ビッグコミックのズージャマンガ『ブルー・ジャイアント』で、結婚式で演奏する仕事、ウェディング・ギグの話があって、検索すると、キングサンが同名の小説を書いてたので、読みました。
カバー表(部分)
カバー・アートディレクション+デザイン 松永 真(装丁も)
イラストレーション 矢吹申彦
短編集のタイトルはスケルトンクルーなのですが、スケルトンクルーという作品は収録されてません。邦訳は、原書を三冊に分けて出版されています。
この後たぶんサンケイ文庫がなくなって、扶桑社ミステリーになって、そこからまた出たみたいです。そうウィキペディアに書いてありました。
カバー裏の作品紹介。
カバー折の著者写真。若い。まだラリってた頃でしょうか。
後年の自伝表紙に使われている写真。大けがもしたのですが、あざなえる縄をよってよって、そして、祝福される人生ではないかと。
最初に饒舌な序文。1984年4月15日。メイン州バンゴル市にて執筆。矢野浩三郎訳。長いです。この短編集に収録されている作品には、学生時代大学の文芸誌に掲載されたような古いものもあるのですが、その文芸誌の名前が"Ubris"で、キングサンは"Hubris"(傲慢)のコックニー訛りだと思っていたとか。今検索しましたら、ラテン語で「胸」の意味とありますが、分かりません。メイン大学の文芸誌だそうで、メイン州はコックニー使いが多いんでしょうか。
頁14「序文」
「減量で痩せるのと、お金持ちになるのは、どんなに過ぎても行きすぎってことはないのよ」
キングサンはこの一文を真理としていますが、お金はともかく、摂食障害とかいろいろある21世紀からすると、前段は昔の話だと思います。
以下まあまあネタバレ。
『握手しない男』 - "The Man Who Would Not Shake Hands"(1982)訳:山本光伸
呪いにかけられた男の話。コロナカならまたちがった展開を見せていたでしょう。なにしろ触るものがみな…という話なので。
『ウエディング・ギグ』 - "The Wedding Gig"(1980)訳:山本光伸
身内のブサイクをけなされたギャングが冷静さを失って抗争相手の罠にはまる話。バンド活動をしていると、いろんなことに巻き込まれるという話。
『カインの末裔 』"Cain Rose up"(1968)訳:松村光生
合衆国で時々起こる、上階の窓から外の人間を無差別に撃つ事件、ランダムシューテシングの話。なんでこういうタイトルなのかは分かりません。内容はとても分かりやすいです。大学の学生寮を舞台に持ってきています。
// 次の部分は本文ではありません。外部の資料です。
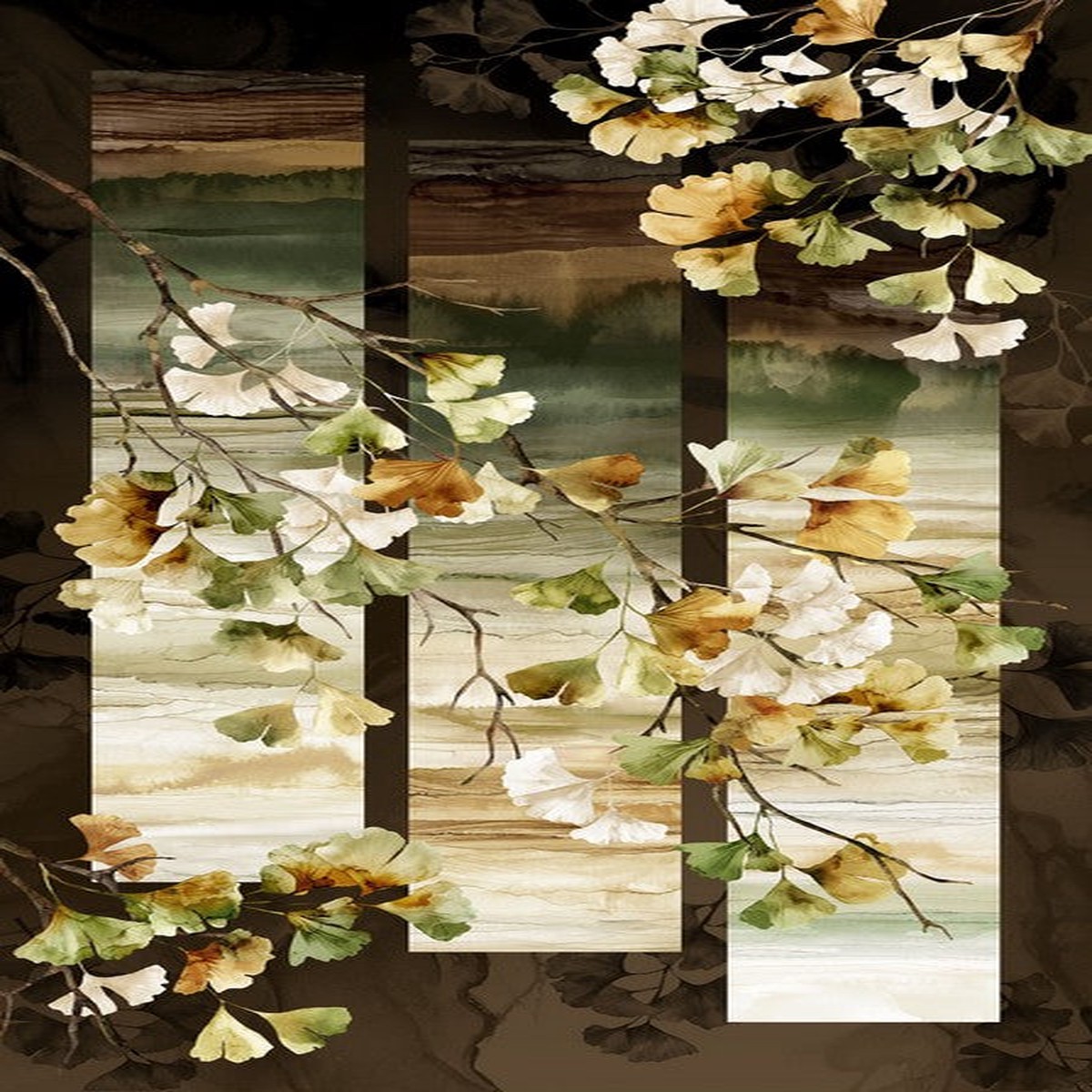 Ginkgo - Panel in Mink - Deborah Edwards & Melanie Samra - Northcott (Pre-order: Nov 2026)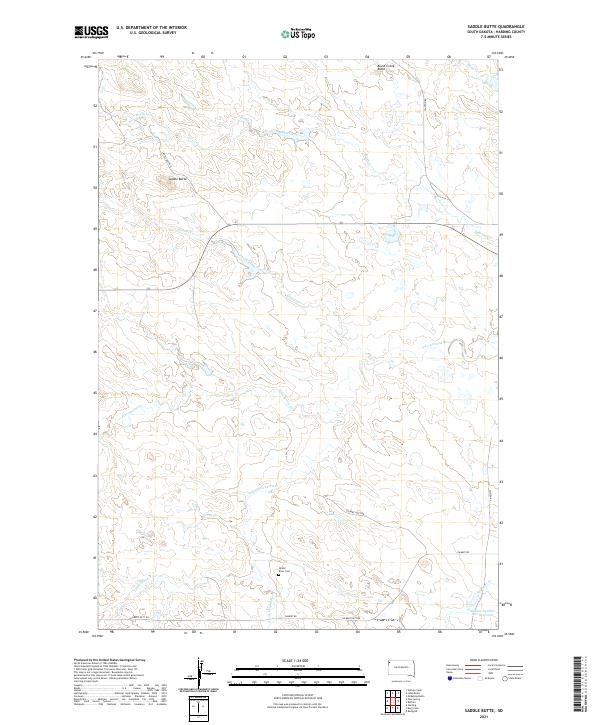 Saddle Butte, SD — USGS 7.5-minute topo (2021)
『死神』 - "The Reaper's Image"(1969)訳:松村光生
鏡が死神なんです(棒)!!!!
『ほら、虎がいる』 - "Here There Be Tygers"(1968)訳:松村光生
現実の虎なのかもしれませんが、時代的には、観念の実体化みたいな感じ。小学生が小学校の校舎で見て、せんせいが食べられます。いや校舎じゃないか。
『霧』 - "The Mist"(1980)訳:矢野浩三郎
映画化もされたけっこう長い作品。
映画になった作品なので、ほかかも出てます。文春のはウィキペディア未記載ですが、ハヤカワのは本書より先で、本書の方がちょっとだけ結末など変えられているとか。作者がやったことですが、好みが分かれてしまうのかな。
頁145、シェイモアという地名が出て、地元ではシャイモアと発音するとあります。メイン州で、お隣はケベックなので、そうなるのでしょうか。もう一つの隣りのバーモント州にバーモントカレーはないと、娘がバーモント州に留学してる人から聞きました。